_Task to complete_
Pictures stay out of the copy; output exactly the lines from the one containing "Puños VLG-411-1A Twist" through the end of the material.

_Study material_

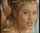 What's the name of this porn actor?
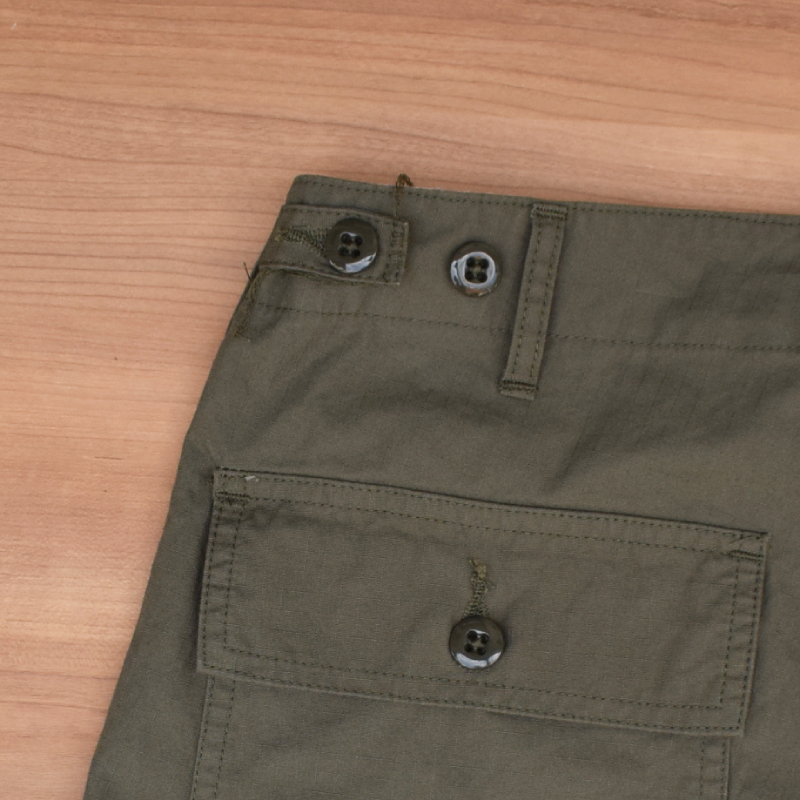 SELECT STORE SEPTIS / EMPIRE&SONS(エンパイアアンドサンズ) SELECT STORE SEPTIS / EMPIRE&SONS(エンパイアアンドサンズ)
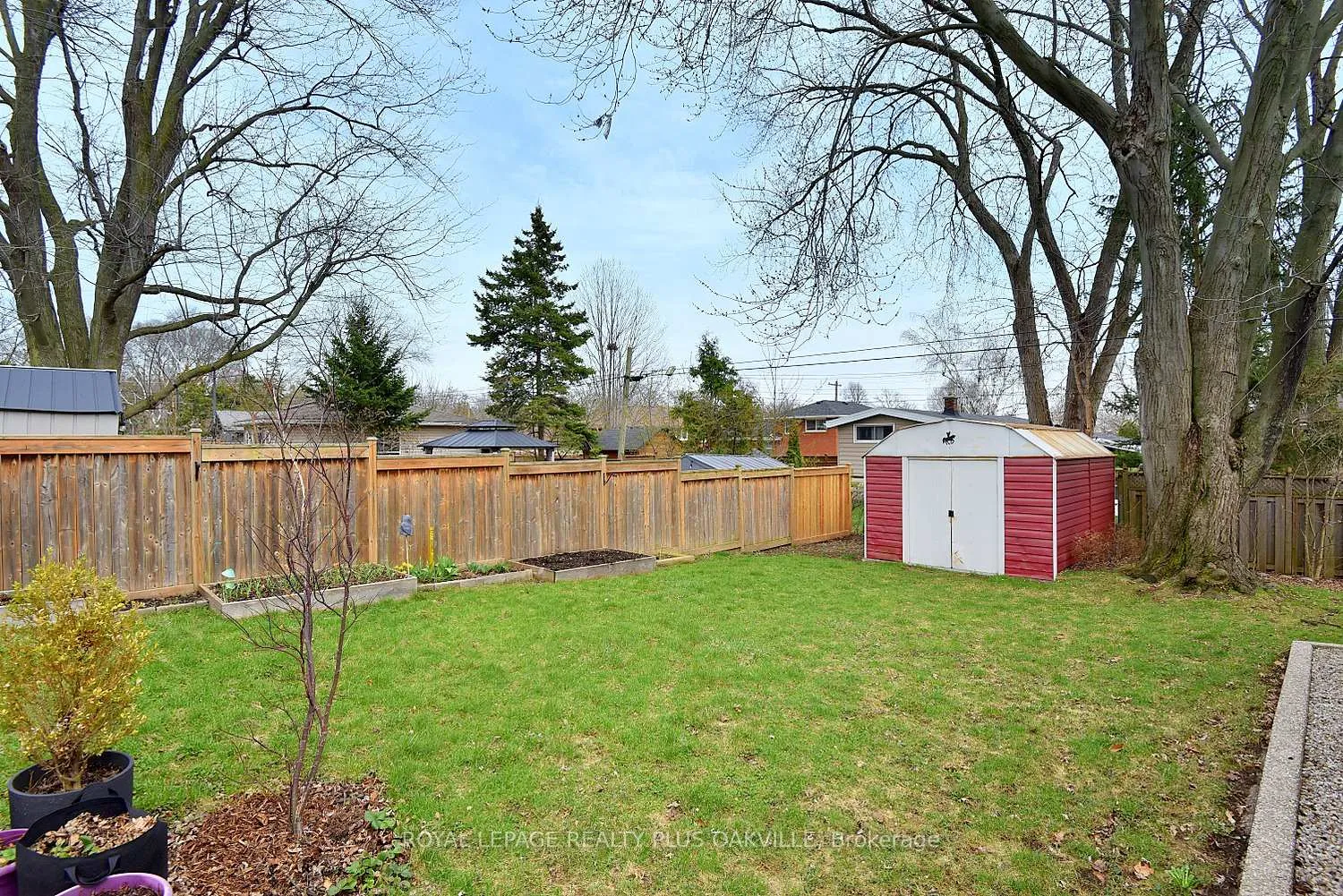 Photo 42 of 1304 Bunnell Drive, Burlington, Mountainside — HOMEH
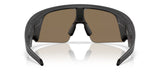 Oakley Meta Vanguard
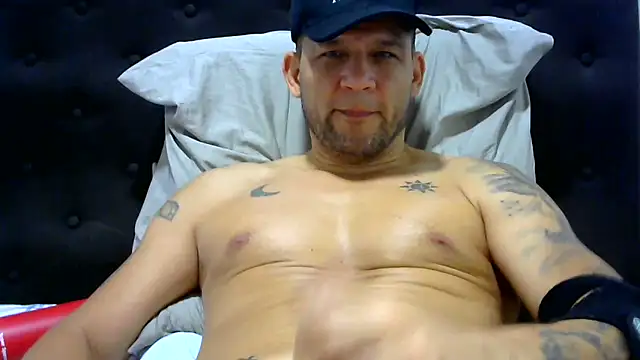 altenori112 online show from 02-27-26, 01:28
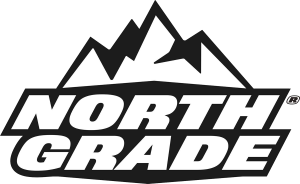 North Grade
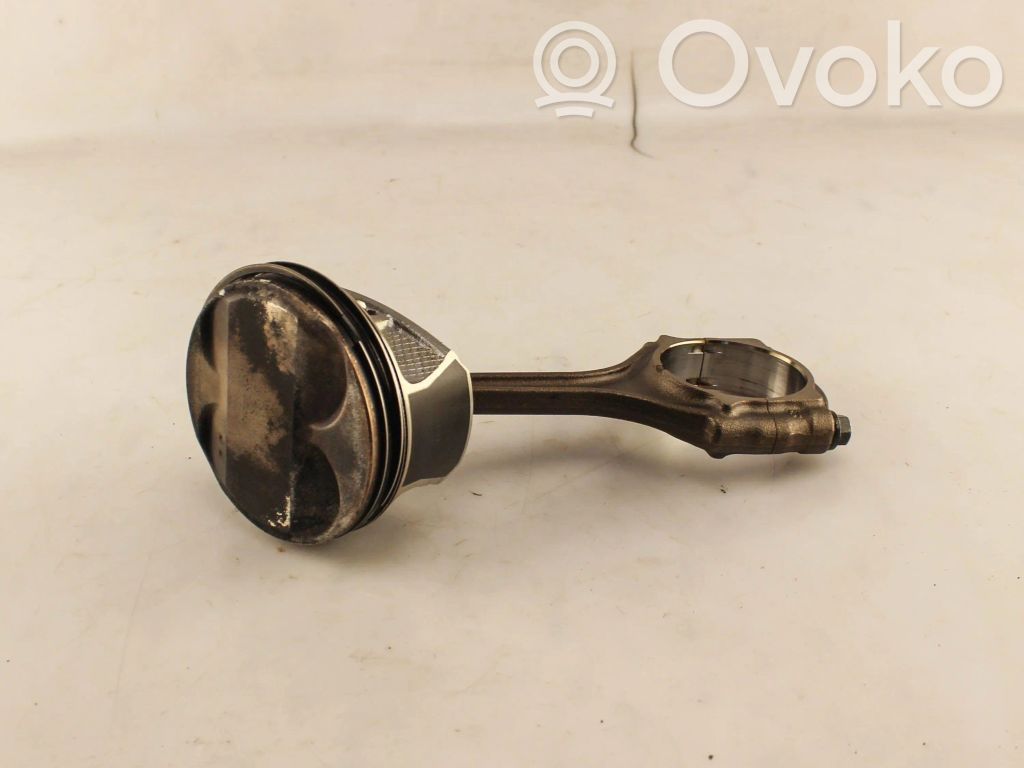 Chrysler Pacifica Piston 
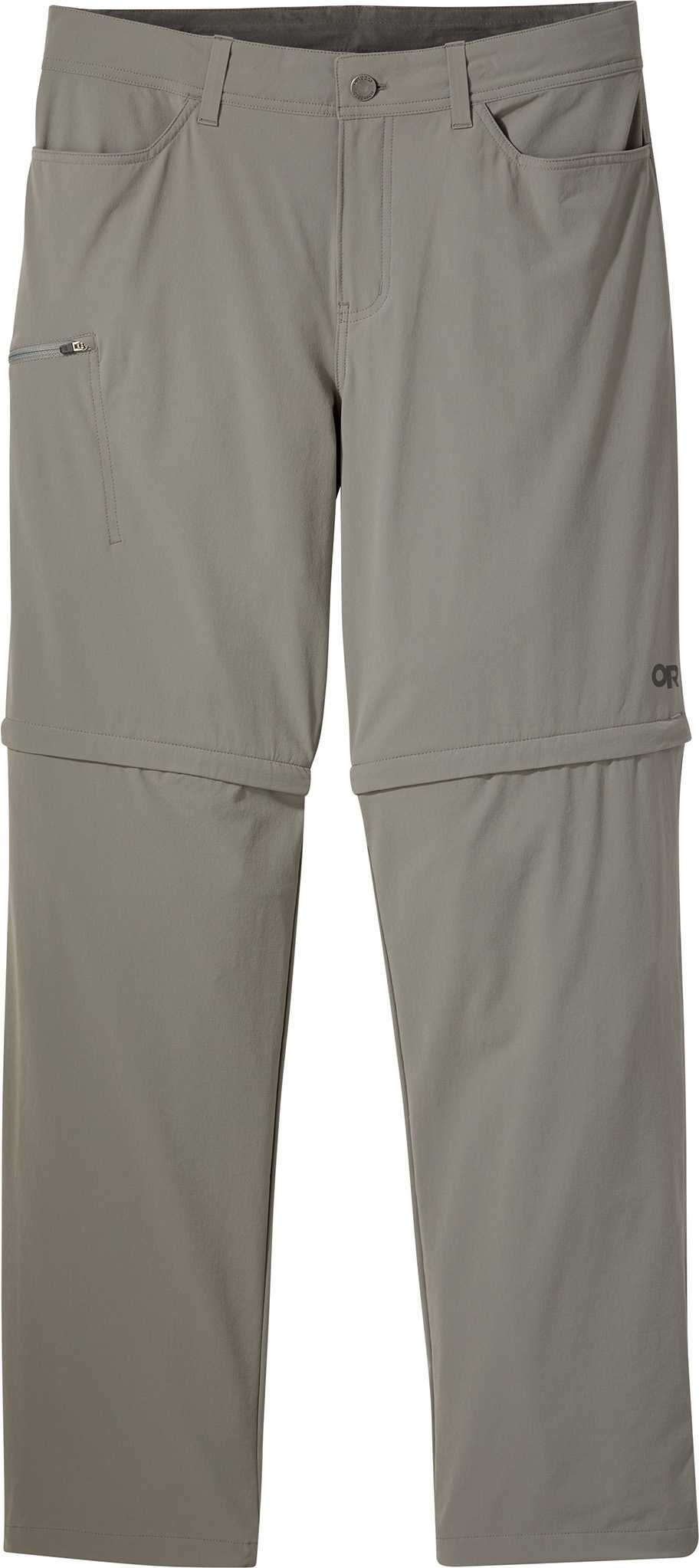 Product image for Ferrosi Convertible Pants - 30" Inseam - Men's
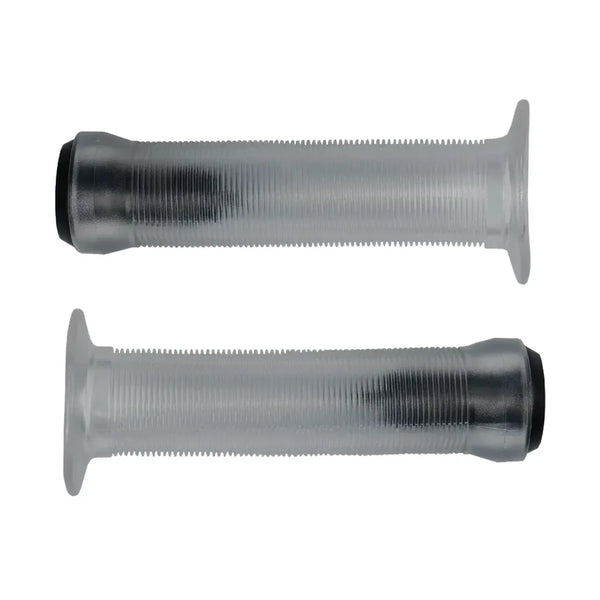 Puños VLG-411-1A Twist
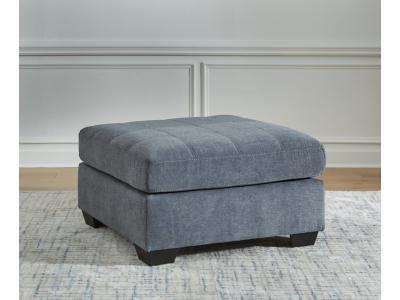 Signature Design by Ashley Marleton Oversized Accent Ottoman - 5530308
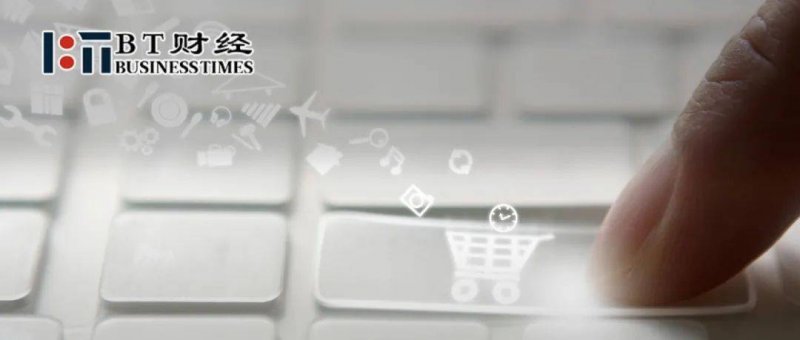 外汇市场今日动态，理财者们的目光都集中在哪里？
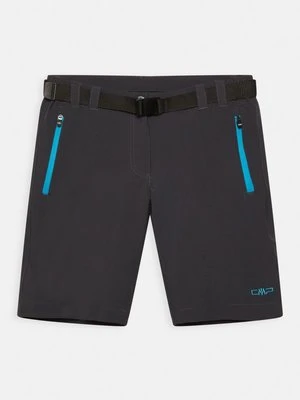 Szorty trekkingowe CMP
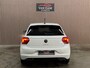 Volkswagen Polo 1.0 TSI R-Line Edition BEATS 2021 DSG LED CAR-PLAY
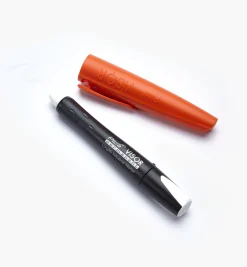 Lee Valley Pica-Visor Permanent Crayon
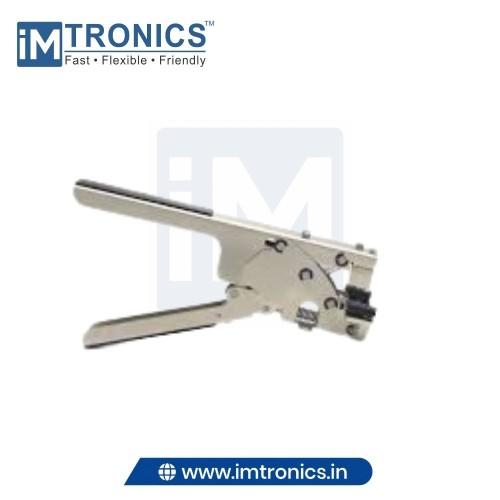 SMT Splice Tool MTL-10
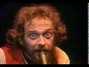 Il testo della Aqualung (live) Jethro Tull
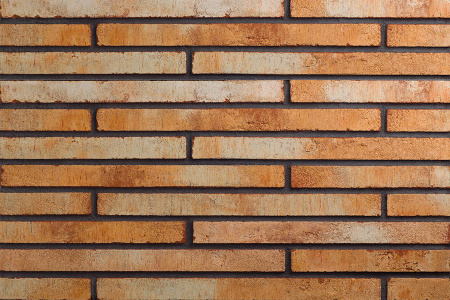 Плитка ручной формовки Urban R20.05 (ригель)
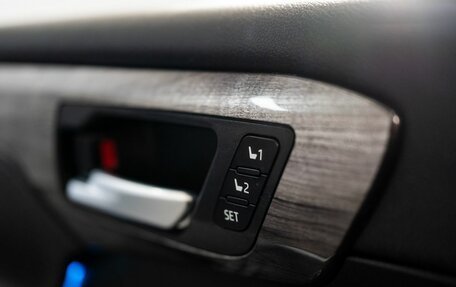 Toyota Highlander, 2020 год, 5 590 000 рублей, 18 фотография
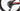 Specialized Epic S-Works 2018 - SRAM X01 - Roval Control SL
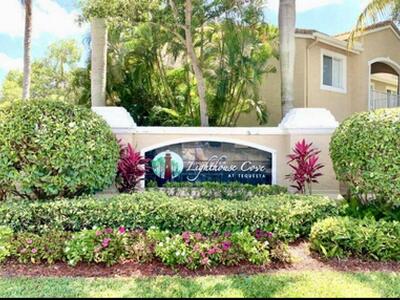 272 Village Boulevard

_Result_
 Puños VLG-411-1A Twist
 Signature Design by Ashley Marleton Oversized Accent Ottoman - 5530308
 外汇市场今日动态，理财者们的目光都集中在哪里？
 Szorty trekkingowe CMP
 Volkswagen Polo 1.0 TSI R-Line Edition BEATS 2021 DSG LED CAR-PLAY
 Lee Valley Pica-Visor Permanent Crayon
 SMT Splice Tool MTL-10
 Il testo della Aqualung (live) Jethro Tull
 Плитка ручной формовки Urban R20.05 (ригель)
 Toyota Highlander, 2020 год, 5 590 000 рублей, 18 фотография
 Specialized Epic S-Works 2018 - SRAM X01 - Roval Control SL
 272 Village Boulevard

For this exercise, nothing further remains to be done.